CAREER TRANSFORMATION
Fatima Joy Baculi
Digital Sales and Marketing Manager Business Development Manager / Event and Media Manager
Every single day, we are learning ways to acclimatize to working from home as we social distance and self-quarantine in response to the COVID-19 pandemic. In the my country, Philippines, while many speculate on how long this shutdown will last and when we will return to normal work lives, the reality is that this crisis is permanently changing how we work and how we live. There is no going back as the workplace is being reinvented in real time.
The pandemic has shown more people they can easily work from home, relying on email, chats, and videoconferencing to quickly communicate with colleagues. Many employees won’t return to the office even after the pandemic is under control—and the need for physical work spaces and paper files will decrease. Instead, many more people will work from home, fully wired on mobile phones, laptops, and other devices.
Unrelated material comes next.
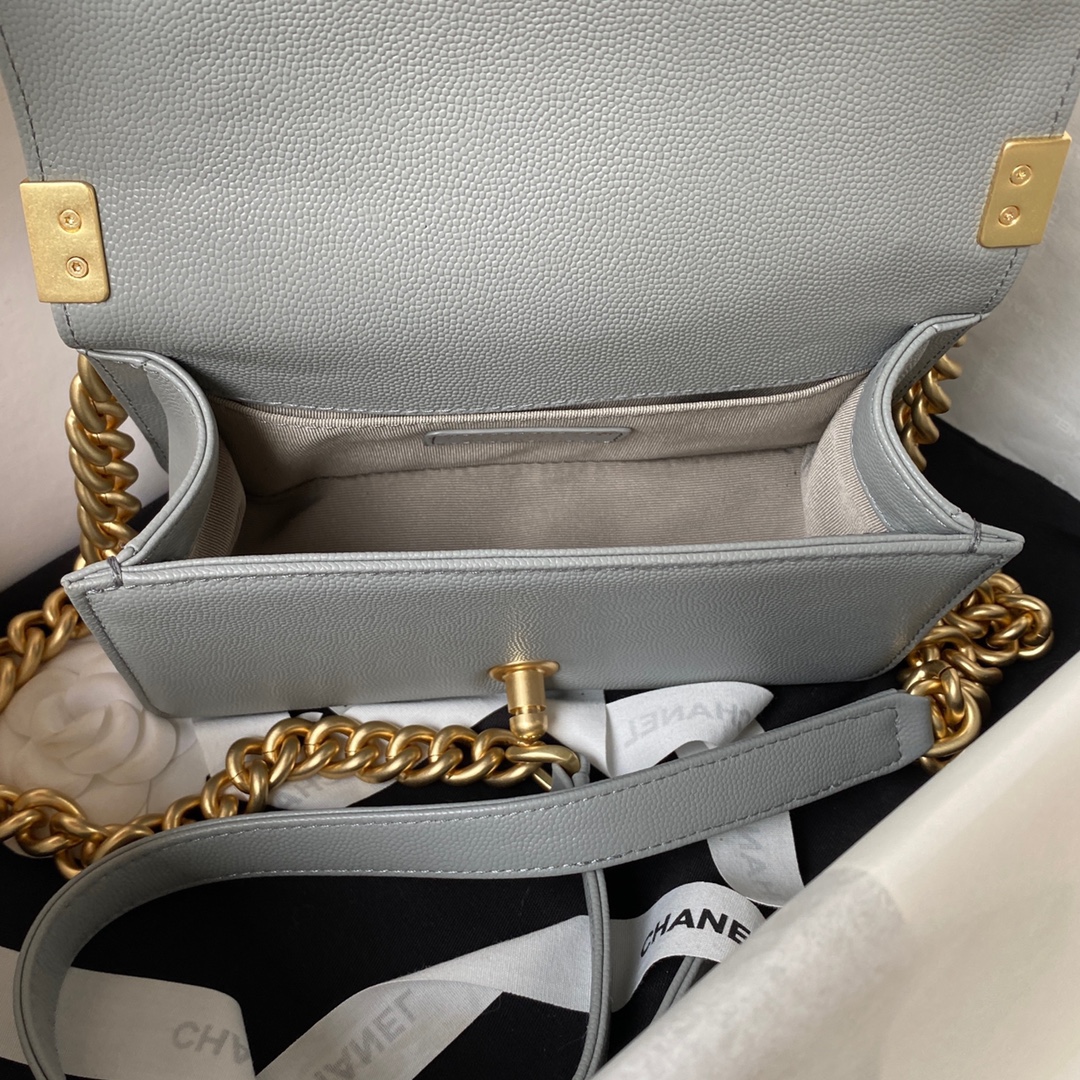 Bagsaaa Ch**el Le Boy Top Handle Caviar Grey 20cm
Being online all the time will also change the typical workday—eight-hour workdays no longer exist. This requires employees to set clear boundaries, apportioning their family time, personal time, leisure time, and sleeping hours. Otherwise, they risk an unbearable day and decreased quality of life.
In other ways, the new work-from-home reality will offer creative ways to form work communities and friendlier relationships with colleagues. Virtual happy hours, more comfortable one-on-one video meetings, and blurred work versus personal identities all increase employees’ ability to be authentic and also foster camaraderie.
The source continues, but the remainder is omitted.